Perlindungan Bagi Pekerja, Pemprov Jajaki Kerja Sama dengan BPJS

  • Whatsapp
FOTO: IDRUS IPENK
BAHAS KERJA SAMA. Gubernur Sulbar, Ali Baal Masdar bersama Kepala BPJS Ketenagakerjaan Sulbar, Iman M Amin di Mamuju, Selasa 15 Juni 2021.

MAMUJU, SULBAR EXPRESS – Pemprov Sulbar kini menjajaki rencana kerja sama dengan BPJS Ketenagakerjaan.

Hal tersebut disampaikan Gubernur Sulbar, Ali Baal Masdar saat menerima Kepala BPJS Ketenagakerjaan Sulbar, Iman M. Amin, di Kantor Gubernur Sulbar, Selasa lalu.

Bacaan Lainnya

“Hal ini perlu mendapatkan respon secara positif, namun dalam menerapkannya harus melakukan proses evaluasi secara mendalam,” ujar Ali Baal.

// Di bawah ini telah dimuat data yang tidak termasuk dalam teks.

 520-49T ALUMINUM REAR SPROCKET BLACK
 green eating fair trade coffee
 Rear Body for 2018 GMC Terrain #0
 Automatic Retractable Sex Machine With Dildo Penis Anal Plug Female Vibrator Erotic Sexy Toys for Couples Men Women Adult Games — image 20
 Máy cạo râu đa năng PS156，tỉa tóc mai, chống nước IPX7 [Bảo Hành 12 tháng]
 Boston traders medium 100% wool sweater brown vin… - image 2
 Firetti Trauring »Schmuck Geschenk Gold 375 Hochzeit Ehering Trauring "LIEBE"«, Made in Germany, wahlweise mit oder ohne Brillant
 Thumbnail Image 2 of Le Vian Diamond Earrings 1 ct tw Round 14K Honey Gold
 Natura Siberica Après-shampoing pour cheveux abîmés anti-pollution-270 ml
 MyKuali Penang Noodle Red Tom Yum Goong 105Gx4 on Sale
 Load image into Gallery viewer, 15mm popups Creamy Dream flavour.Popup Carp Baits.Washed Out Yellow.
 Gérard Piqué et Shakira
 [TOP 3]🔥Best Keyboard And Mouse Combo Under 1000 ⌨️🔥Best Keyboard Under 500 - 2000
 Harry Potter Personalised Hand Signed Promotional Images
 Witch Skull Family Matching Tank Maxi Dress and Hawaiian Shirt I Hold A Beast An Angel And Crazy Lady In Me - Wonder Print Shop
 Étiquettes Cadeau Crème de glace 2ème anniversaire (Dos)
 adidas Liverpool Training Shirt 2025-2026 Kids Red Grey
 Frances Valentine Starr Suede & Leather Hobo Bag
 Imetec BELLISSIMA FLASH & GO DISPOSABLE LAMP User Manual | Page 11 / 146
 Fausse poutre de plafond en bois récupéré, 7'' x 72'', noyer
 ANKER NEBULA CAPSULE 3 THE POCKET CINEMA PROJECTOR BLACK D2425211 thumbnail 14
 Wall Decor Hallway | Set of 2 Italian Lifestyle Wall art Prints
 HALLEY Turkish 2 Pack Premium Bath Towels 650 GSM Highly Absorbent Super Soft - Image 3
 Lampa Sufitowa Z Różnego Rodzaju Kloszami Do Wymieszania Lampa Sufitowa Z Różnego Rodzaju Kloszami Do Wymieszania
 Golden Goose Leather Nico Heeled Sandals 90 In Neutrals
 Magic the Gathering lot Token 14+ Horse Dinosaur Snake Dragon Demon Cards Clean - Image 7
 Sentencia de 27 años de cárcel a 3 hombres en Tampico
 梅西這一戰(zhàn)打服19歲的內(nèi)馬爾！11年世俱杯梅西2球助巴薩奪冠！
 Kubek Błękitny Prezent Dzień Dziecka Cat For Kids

Gubernur mengaku sesegera mungkin akan melakukan koordinasi secara mendetail kepada instansi terkait, khususnya Dinas Tenaga Kerja Sulbar.

Dari pertemuan itu, Ali Baal meminta BPJS untuk mempersiapkan program perencanaan kerja, agar Pemprov bisa sesegera mungkin melakukan kajian.

Sementara Kepala BPJS Ketenagakerjaan Sulbar, Iman M Amin, mengatakan program jaminan sosial ketenagakerjaan adalah bagian implementasi Instruksi Presiden (Inpres) Nomor 2 Tahun 2021 tentang Optimalisasi Pelaksanaan Program Jaminan Sosial Ketenagakerjaan (Jamsostek).

Dimana melalui inpres tersebut pemerintah daerah mengalokasikan anggaran untuk mengikutsertakan pekerja yang ada di daerah dalam program Jamsostek, baik jaminan kesehatan kerja, jaminan kematian, serta program beasiswa bagi anak pekerja.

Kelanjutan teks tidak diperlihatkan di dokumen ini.